:: Data provided

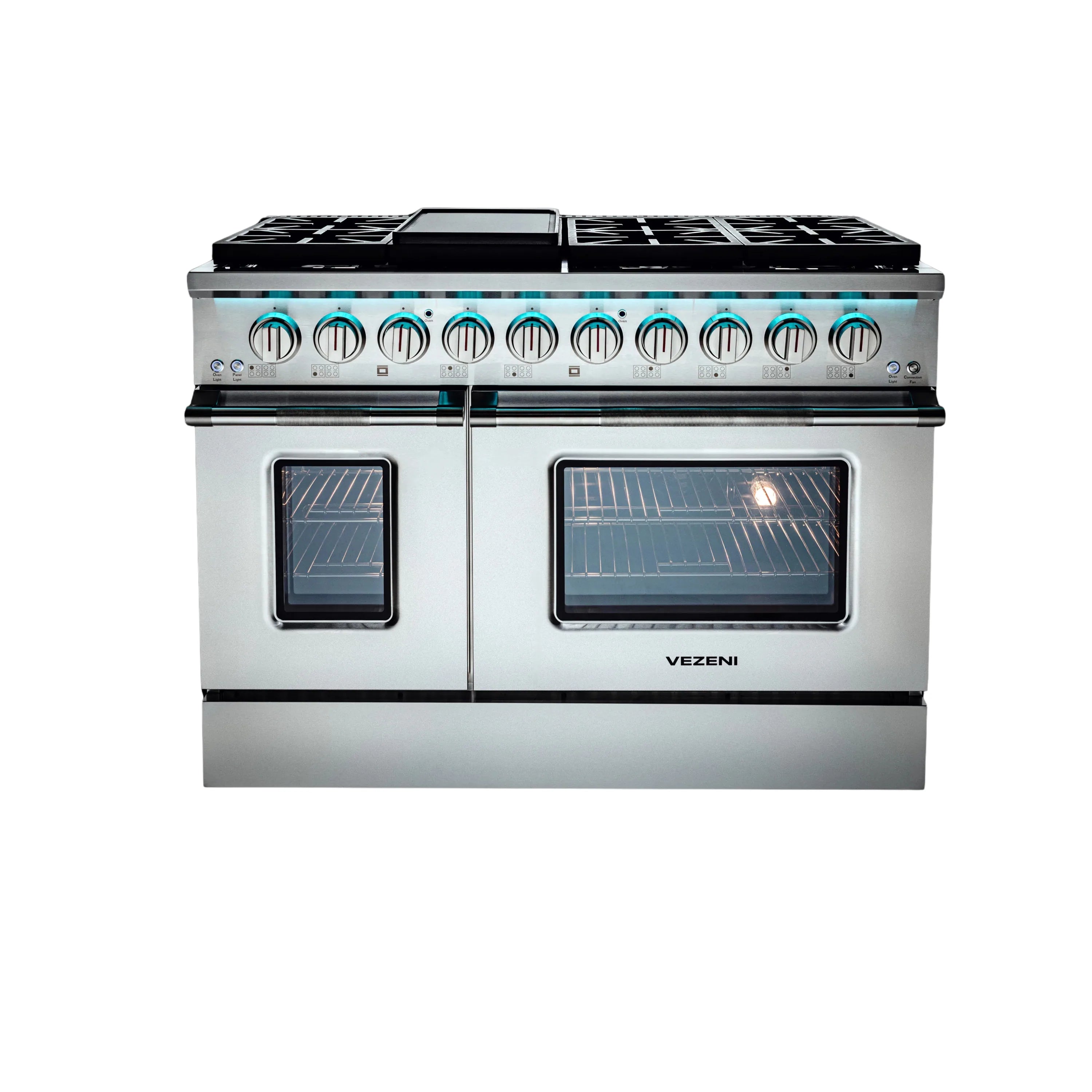 Stainless steel dual fuel range with two oven windows and control knob panel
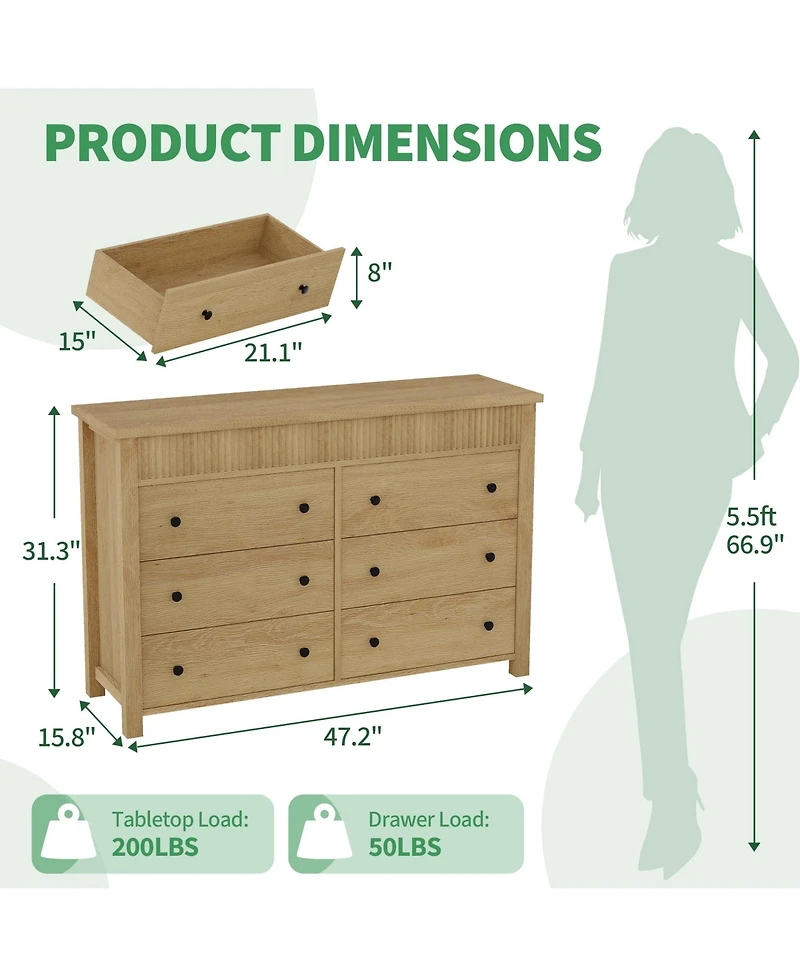 homfan 6-Drawer Wood Storage Dresser Fluted-Shape Chest of Drawers, 47.2" Organizer Cabinet for Bedroom, Living Room and Nursery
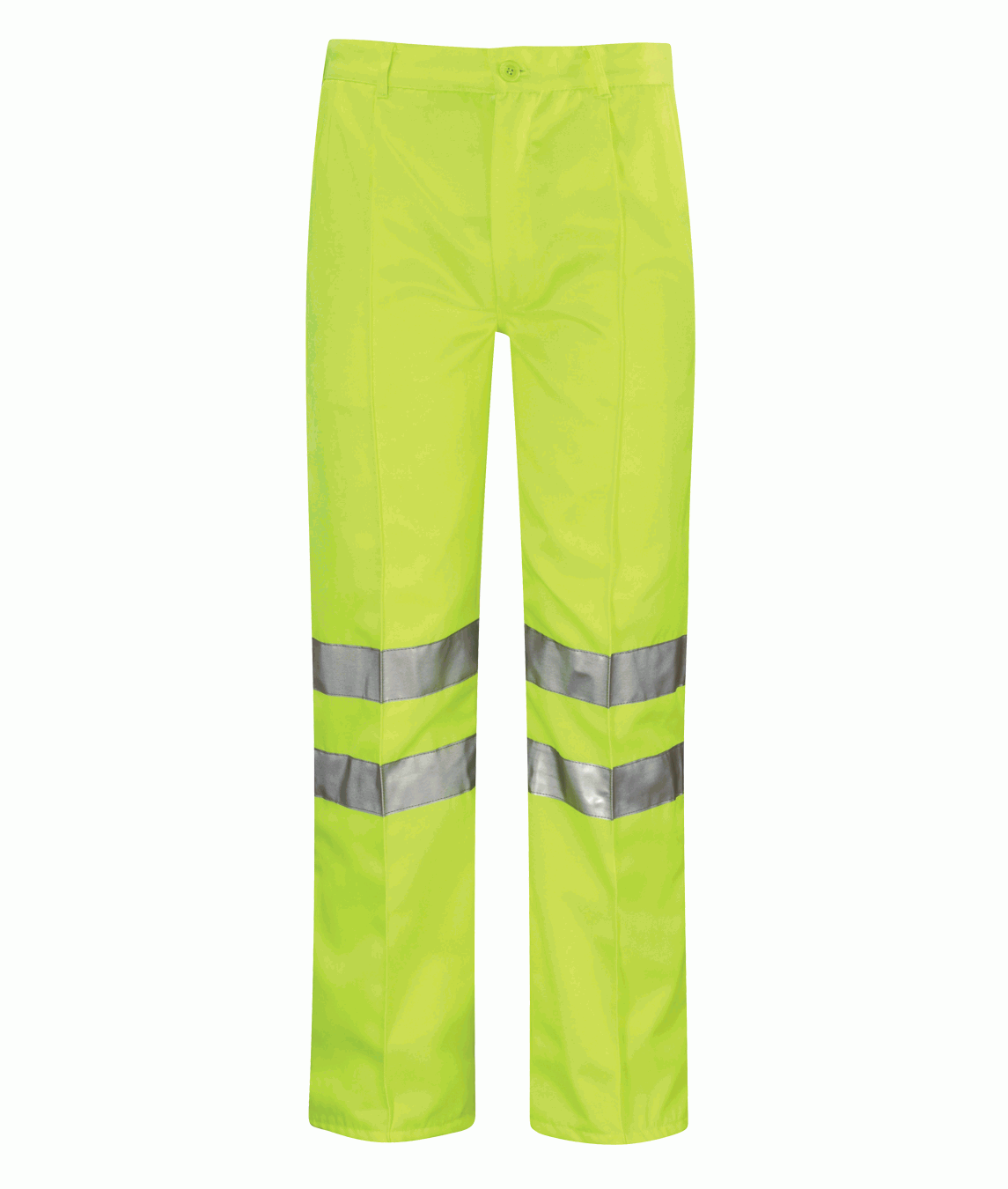 Hi-vis yellow work trousers with twin silver reflective bands on each leg. Designed for enhanced visibility and safety in low-light work environments.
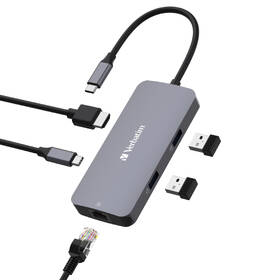 USB Hub Verbatim USB-C Pro Multiport 5 Port stříbrný

 obrázek produktu 2 z 4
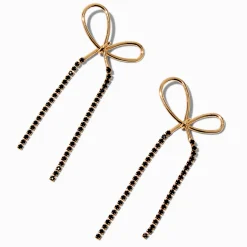 Pendantes nœud à long pans strass noirs couleur dorée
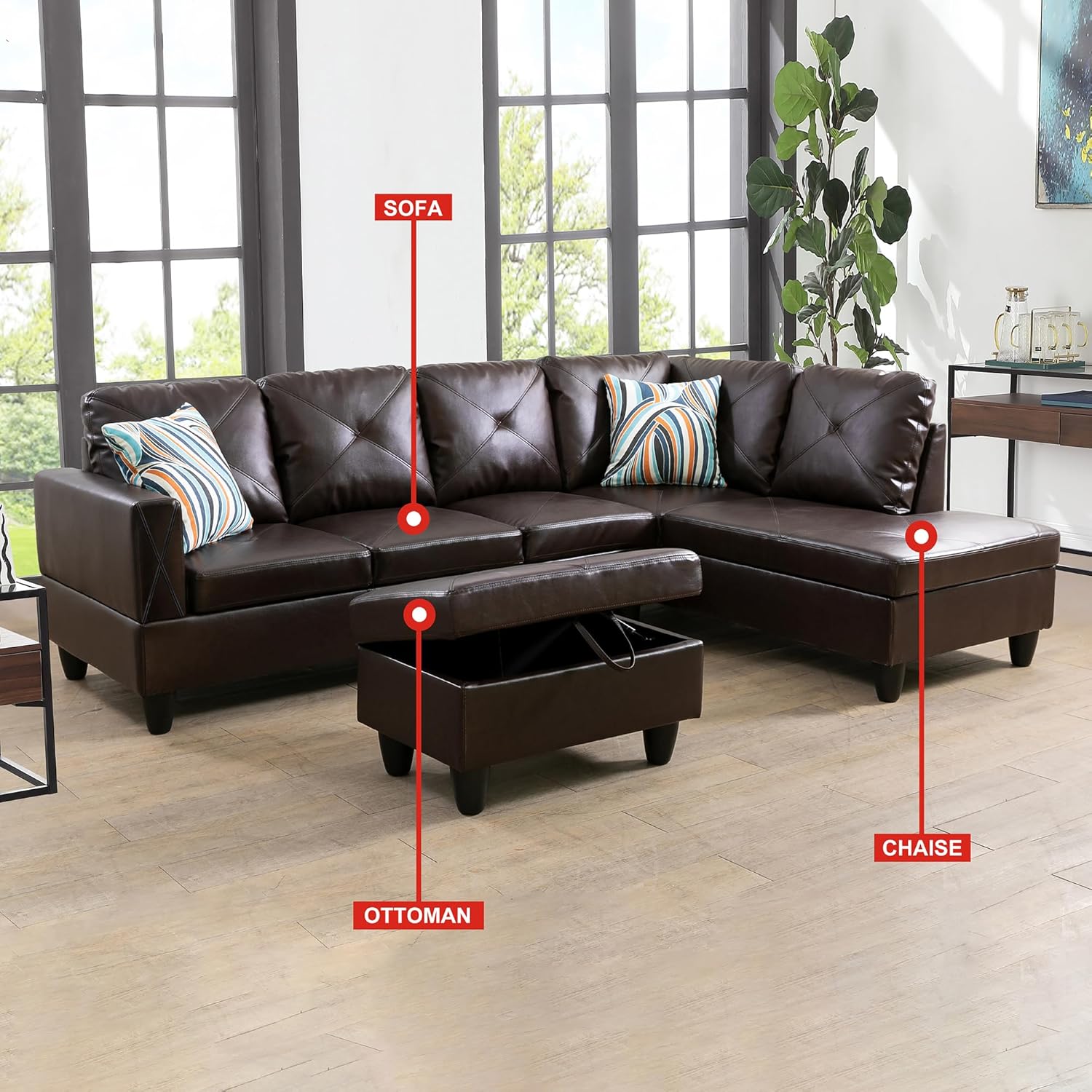 L-Shaped Sectional Sofa with Chaise, Faux Leather, Brown R925652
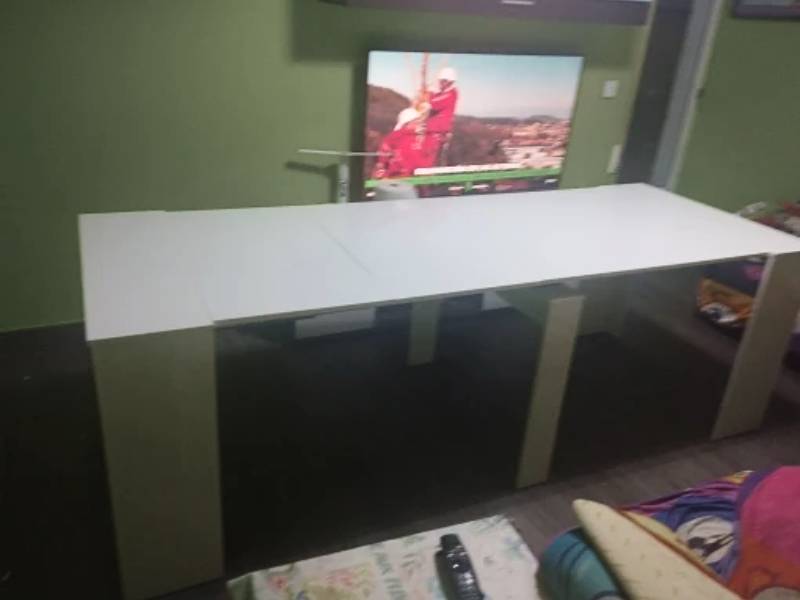 Foto de cliente de Mesa comedor súper extensible Train blanco brillo 5 posiciones 51-237x90 cm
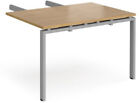 Adapt add on unit double return desk 800mm x 1200mm - silver frame, oak top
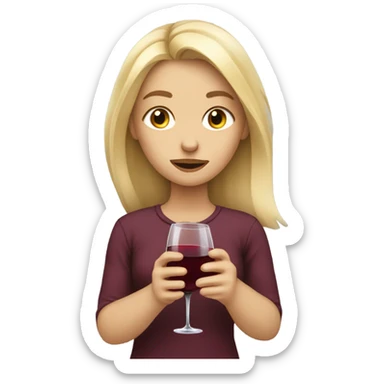 Blonde girl who is crying and holding a glass of wine  sticker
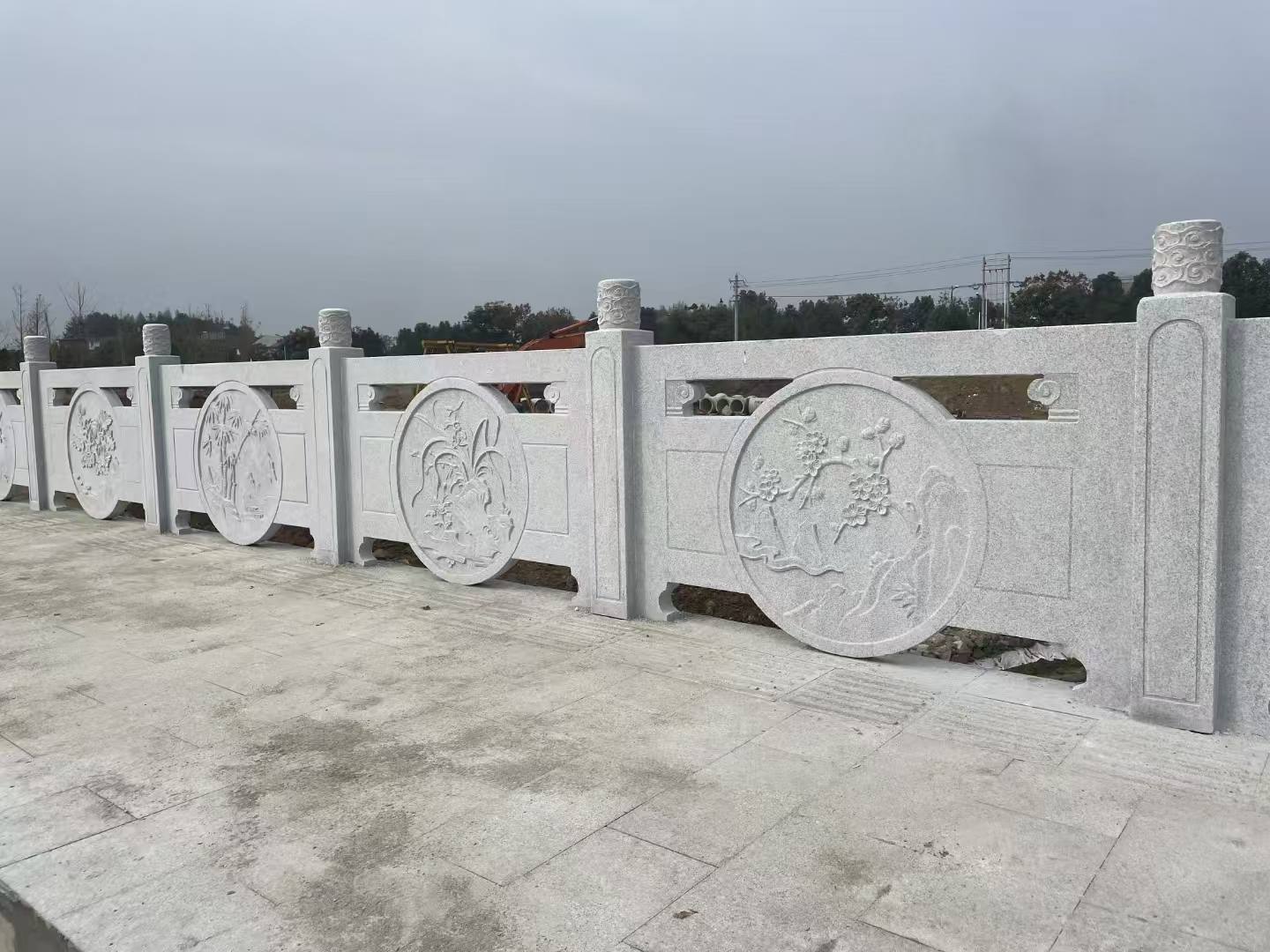宿州芝麻白河道栏杆 石材栏杆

::::

**Exercise**
With the pictures left out, copy exactly the lines above from the line containing "homfan 6-Drawer Wood" through the last line of the entries.

**Solution for this problem**
 homfan 6-Drawer Wood Storage Dresser Fluted-Shape Chest of Drawers, 47.2" Organizer Cabinet for Bedroom, Living Room and Nursery
 Hi-vis yellow work trousers with twin silver reflective bands on each leg. Designed for enhanced visibility and safety in low-light work environments.
 USB Hub Verbatim USB-C Pro Multiport 5 Port stříbrný

 obrázek produktu 2 z 4
 Pendantes nœud à long pans strass noirs couleur dorée
 L-Shaped Sectional Sofa with Chaise, Faux Leather, Brown R925652
 Foto de cliente de Mesa comedor súper extensible Train blanco brillo 5 posiciones 51-237x90 cm
 Adapt add on unit double return desk 800mm x 1200mm - silver frame, oak top
 Blonde girl who is crying and holding a glass of wine  sticker
宿州芝麻白河道栏杆 石材栏杆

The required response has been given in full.